Thursday, July 12, 2012
I have been thinking about the road taken to lose weight. I have taken this journey before and each time I have been very successful at keeping the weight off until something occurs that it i no longer possible to do this. It is not so much the losing of the weight but a reclaiming of my whole person. This is a journey of redemption.
Today I went walking with a friend and I talked to them about the twelve year curse. My friend said that the twelve year curse is not a curse at all instead it is a signal that I am ready for a change in my life. Thinking back each time the weight comes back there is a transformation in my life.The first time was associated with the change from childhood to adolescence and the second time was my journey from adolescence to adulthood. Now I am taking another step towards a change but I do not know exactly what it is yet. Each time I take this journey of change I take back my own identity which has roots culturally and spiritually. I am currently contemplating going into the military as a Chaplin because I feel a calling coming.
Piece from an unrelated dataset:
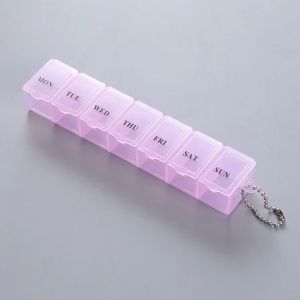 EVERIN Colorful Weekly Pill Box 7 Days Mini Size  Container Organizer Convenient Button Open Design Pill Organizer Case For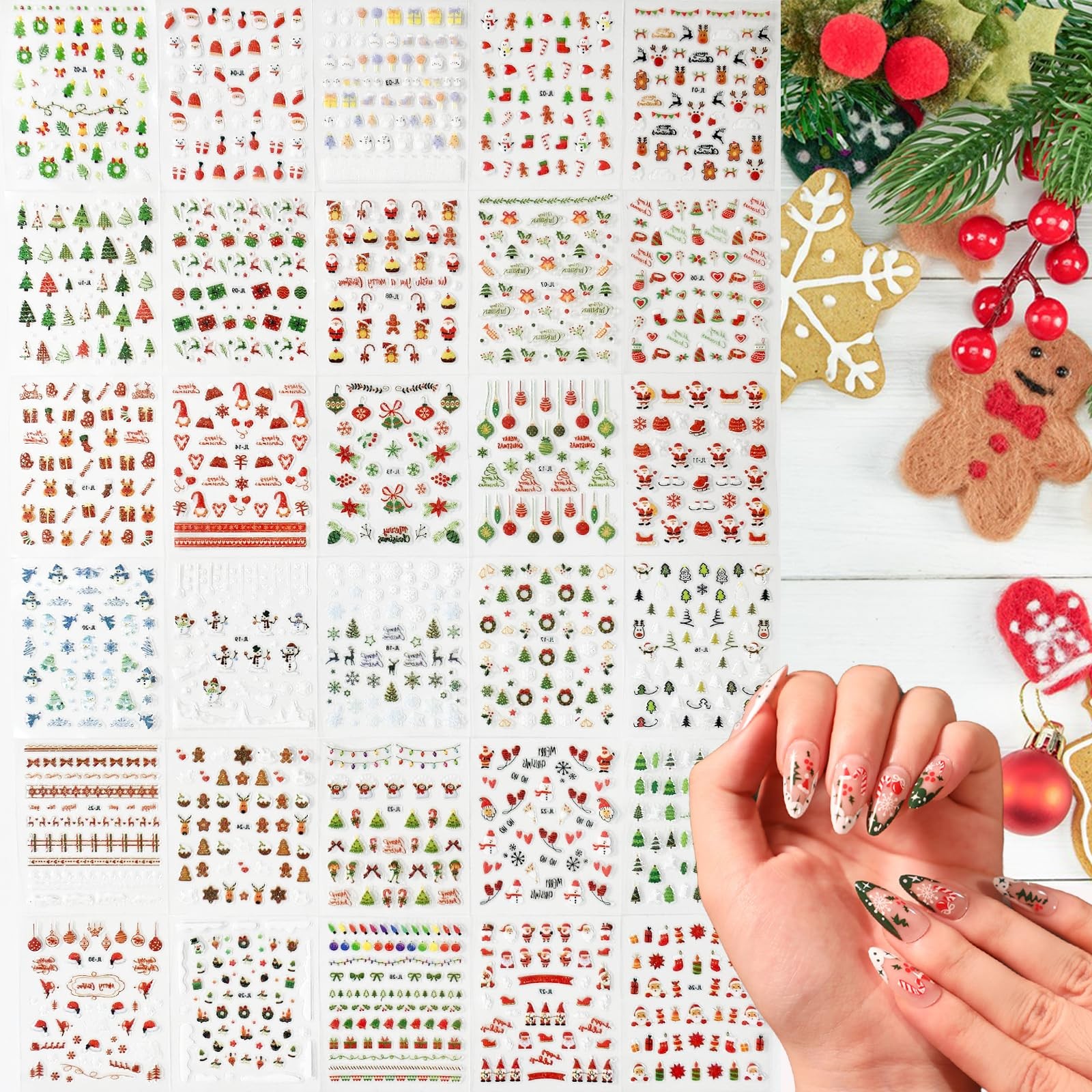 30 Sheets Christmas Nail Art Stickers 3D Snowflake Self-Adhesive B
This is a journey of redemption because with each step towards growth I am becoming more and more aware of the person that has been left behind due to hardship, stress, and big life changes that I did not initiate as a part of my own personal journey but yet they occurred. Although this is a path that leads to reclaiming the whole individual but yet this is a path that when completed not only reveals the person left behind but a person that has grown from the experiences and obstacles along the way. The redemption is of our true selves.